Nestlé UK & Ireland, in collaboration with Cargill, has launched a two-year UK supply chain trial, which aims to explore the viability of using cocoa shells from a confectionery site in York to create a low carbon fertiliser. The project seeks to assess the fertiliser's impact on crop production, soil health, and greenhouse gas (GHG) emissions reduction.

Nestlé UK & Ireland: Turning cocoa shells into low carbon fertiliser

At a glance
Who: Nestlé UK & Ireland
What: A two-year trial to convert cocoa shells into low-carbon fertiliser
Where: York, Suffolk, and Northamptonshire in the UK.
Why: To reduce GHG emissions and enhance soil health
When: The trial is ongoing, with results expected in two years

The Challenge

Conventional fertiliser production has a considerable environmental impact. Currently, the use of traditional fertilisers accounts for more than 50% of the carbon footprint associated with wheat produced in the UK, in conjunction with nearly 5% of global GHG emissions when considering emissions from fertiliser production.

The Solution

Nestlé and Cargill’s collaborative initiative aims to recycle cocoa shells, which are typically waste products, into a low-carbon fertiliser. This innovative approach has the potential to reduce emissions and improve the sustainability of the supply chain.

How the Project Works

The project involves processing cocoa shells from Cargill’s York facility, with Swindon-based CCm Technologies pelletising the shells. The trial is taking place on arable farms in Suffolk and Northamptonshire, overseen by Fera Science Ltd. It assesses the performance of the cocoa shell fertiliser in terms of wheat yield, soil biodiversity, and GHG emissions, comparing it to conventional products.

The Results

After completing the harvest, a Winter wheat crop grown using the new cocoa shell fertiliser demonstrated comparable yields to the portion of the field treated with conventional fertiliser, showcasing the viability of cocoa shell-based fertiliser for sustainable agriculture.

If the trial proves successful, there is the potential to manufacture and provide up to 7,000 tonnes of low-carbon fertiliser to farmers within Nestlé’s UK wheat supply chain. This quantity of fertiliser corresponds to approximately one-quarter of Nestlé UK’s total fertiliser usage for wheat.

Business Benefits

This initiative aligns with Nestlé and Cargill’s commitment to innovation, collaboration, and sustainability. It contributes to Nestlé’s goal of achieving net-zero emissions by 2050 and sourcing 50% of key ingredients from regenerative agriculture by 2030.
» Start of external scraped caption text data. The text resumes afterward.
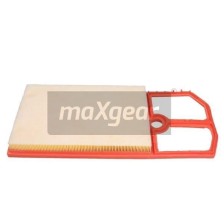 Air Filter MAXGEAR 26-1426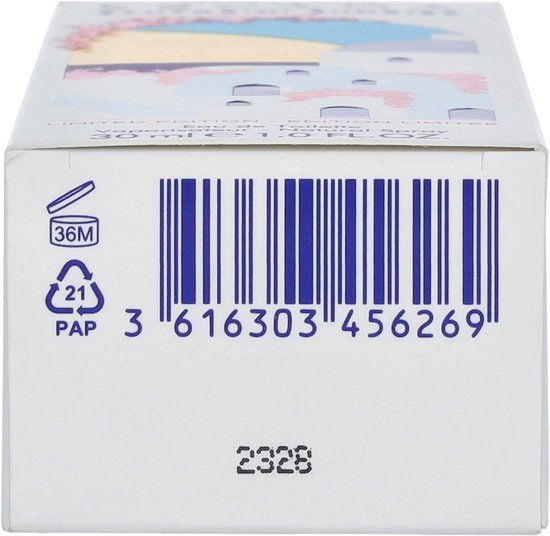 Escada Eau de Toilette / 30 ml / Women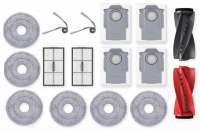 Блендер JTC Omniblend I TM-767A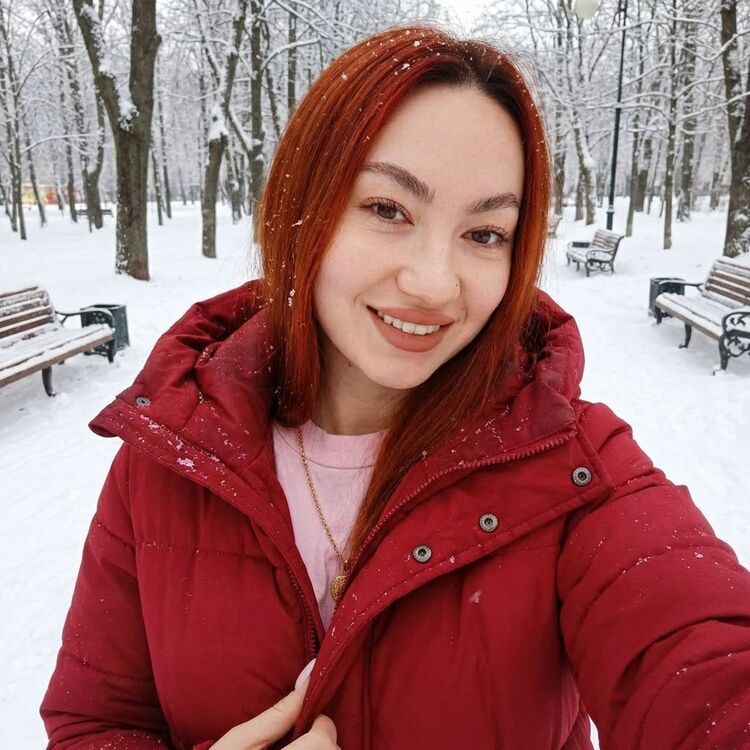 ���� 55632850 ������� ������, 28 ���, ���� ���������� � �������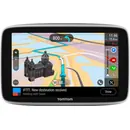 TOMTOM Go Premium 5 Zubeh�r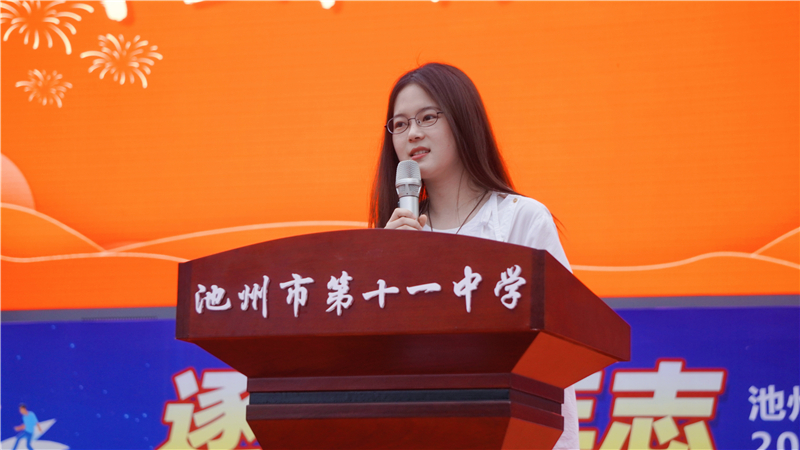 图片24.jpg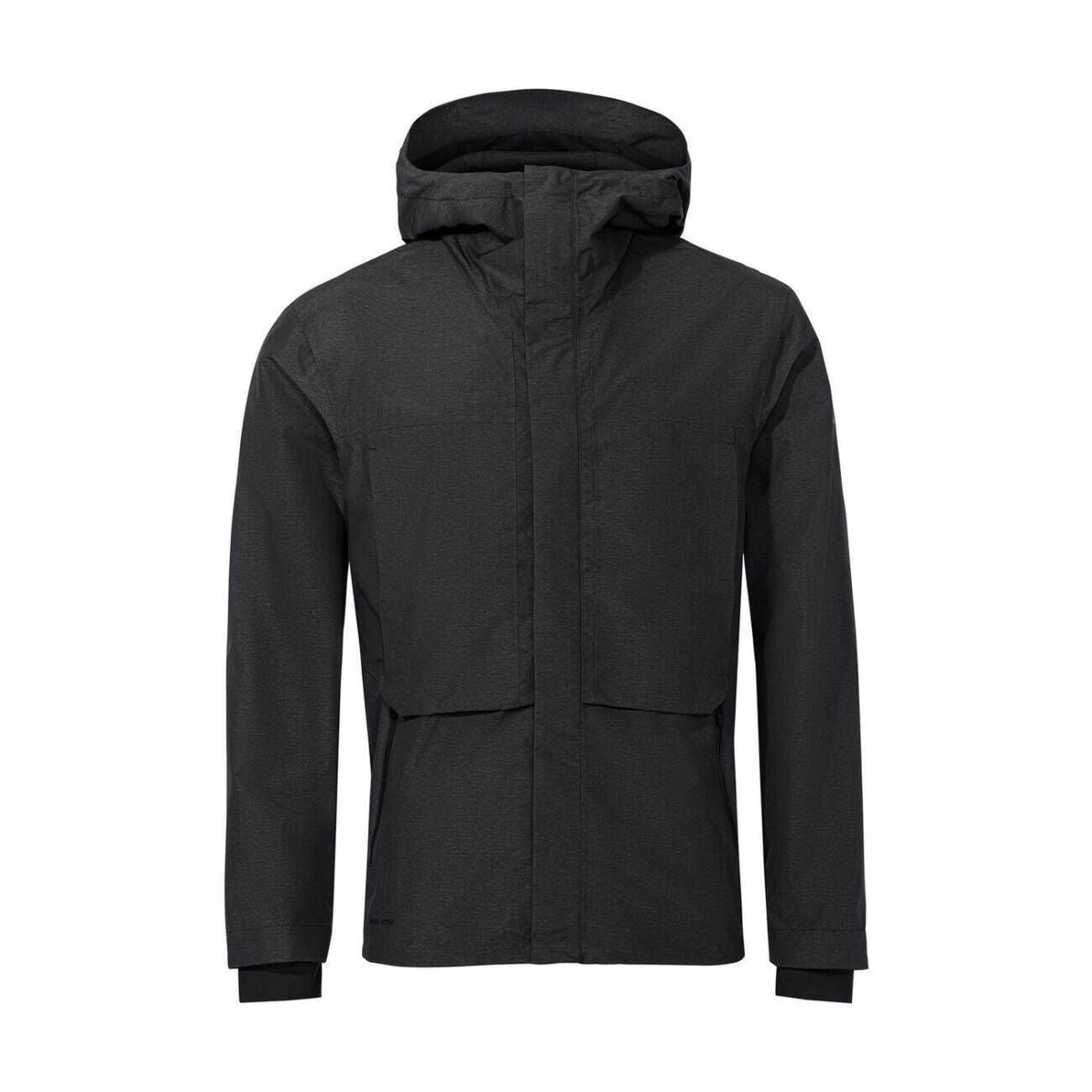 Vaude Comyou Pro Erkek Yağmurluk 42851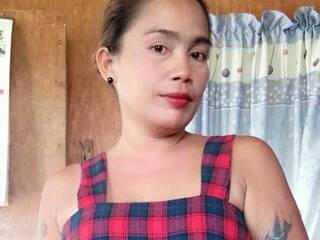 Erotický videohovor Hotlicious69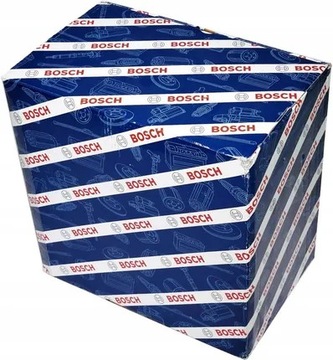 PRZEKAZNIK 12V 70A 4PIN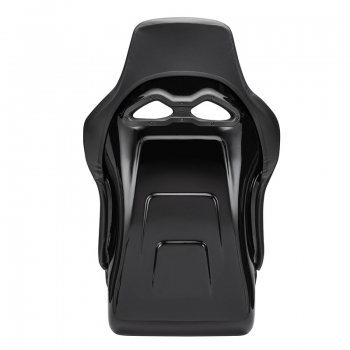 Sparco QRT-Performance Lightweight Bucket Seat (FIA)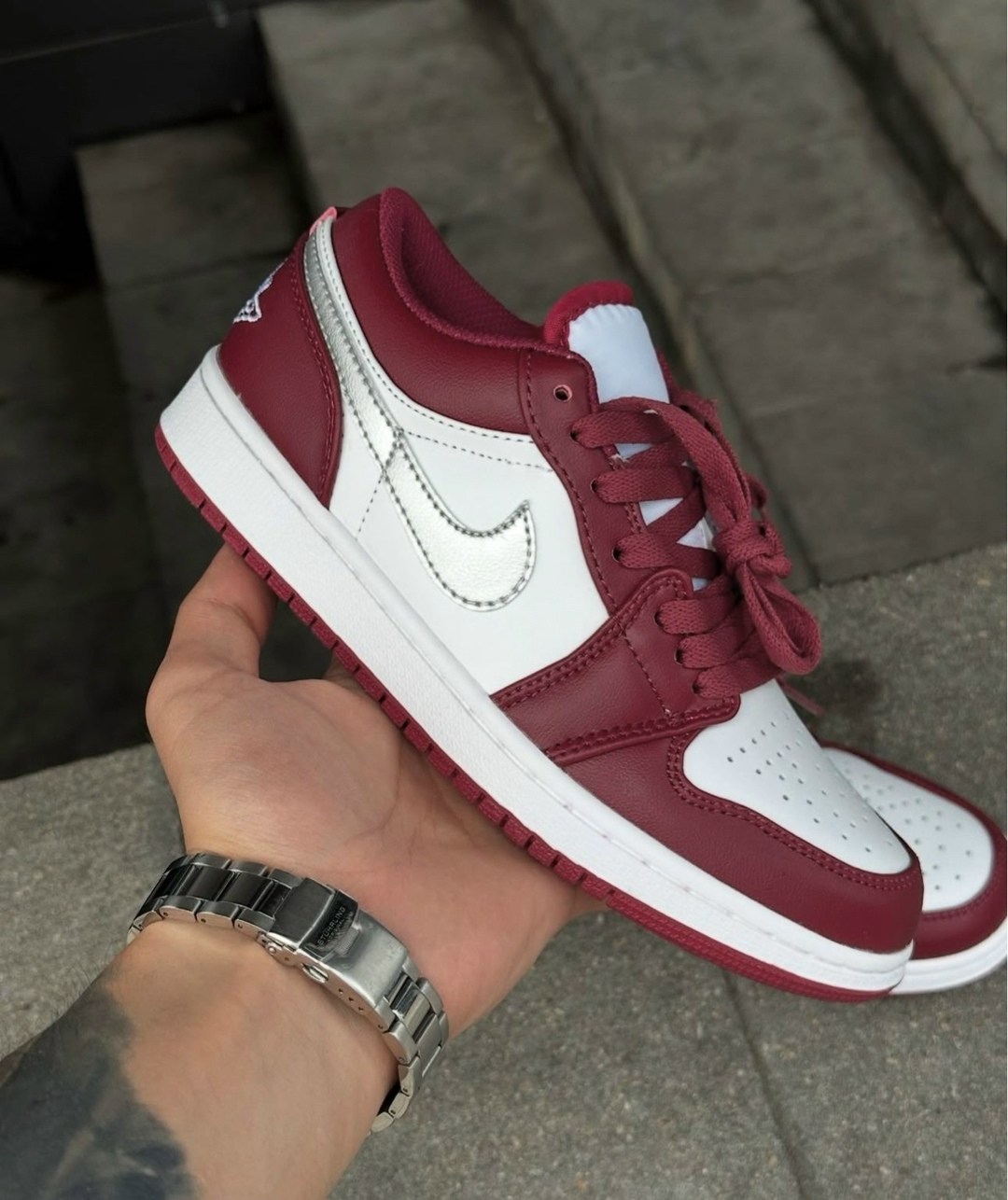 nike air jordan 1 low,кроссовки nike air jordan 1 low,nike air jordan 1 low noble red,кроссовки air jordan 1 low,air jordan 1 low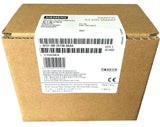 6ES7 288-2DT08-0AA0 New SIEMENS CPU Module 6ES7288-2DT08-0AA0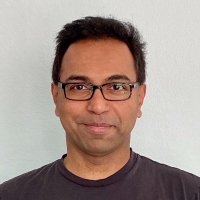 Sriram Krishnan (@krishnansriram) 's Twitter Profile Photo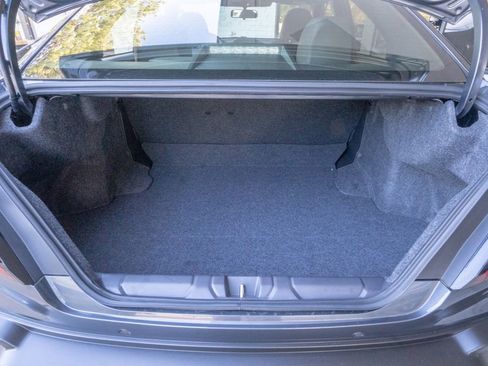 Used 2024 Subaru WRX GT image 20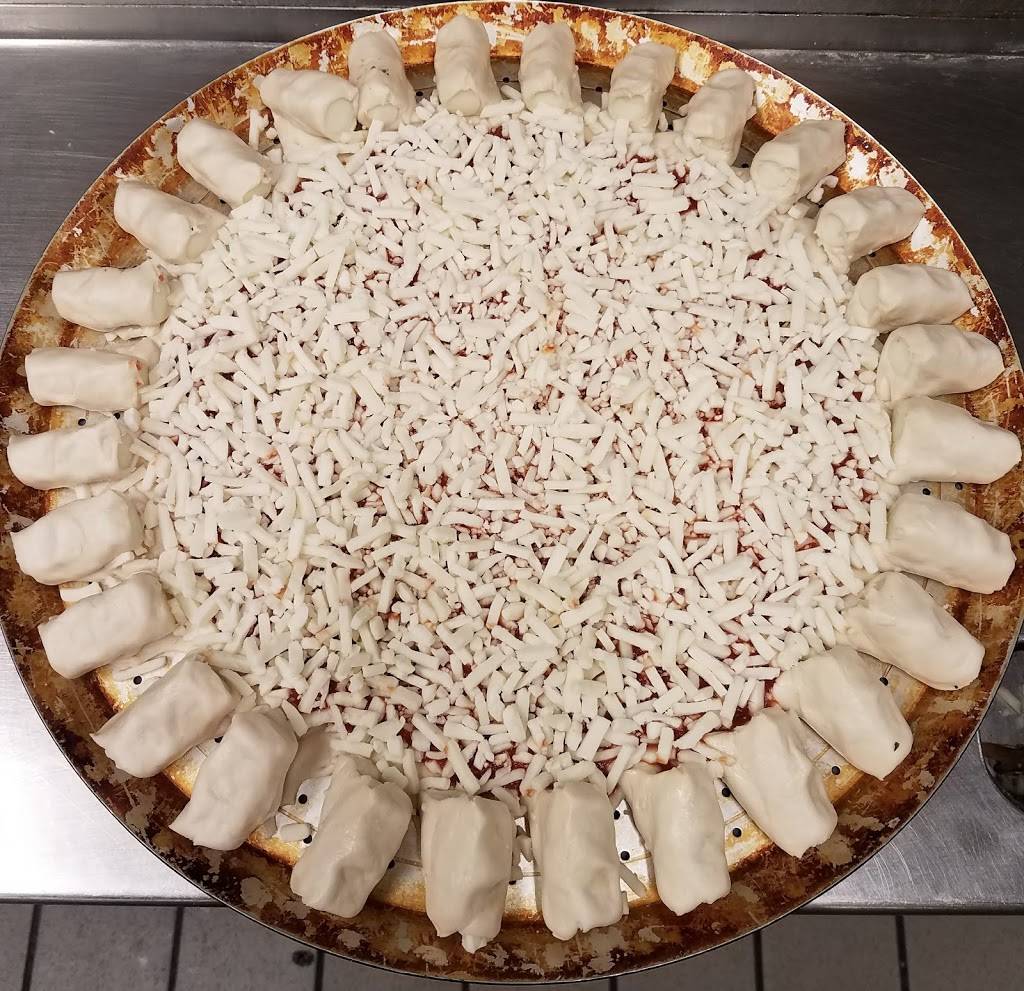 Pizza Hut | restaurant | 1417 Mangrove Ave, Chico, CA 95926, USA | 5308961955 OR +1 530-896-1955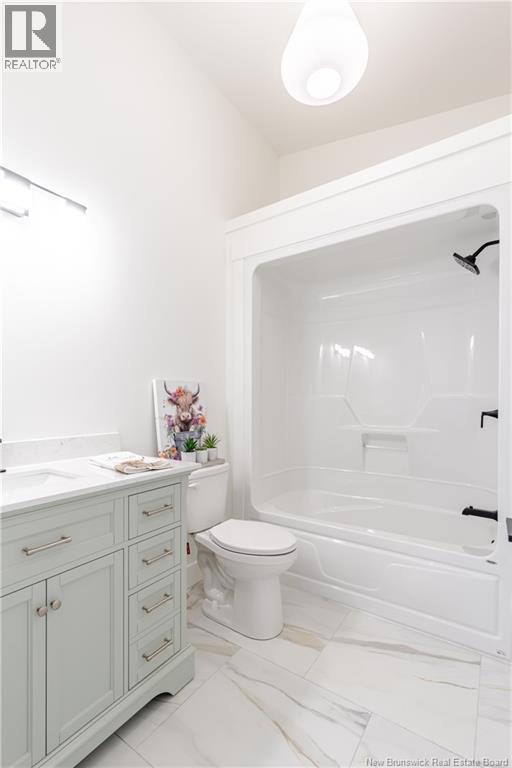 35 Sunset Drive, Nashwaaksis, New Brunswick  E3A 1A1 - Photo 14 - NB137169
The financial return on investment data is unavailable, but it encompasses a significant reduction in environmental impact.

Industry Context

According to the Agribusiness Task Force report by the SMI, regenerative practices are presently employed in the management of only 15% of the world’s cropland. The report highlights that this percentage needs to increase to a minimum of 40% by 2030 in order to fulfil the UN’s global climate and nature objectives.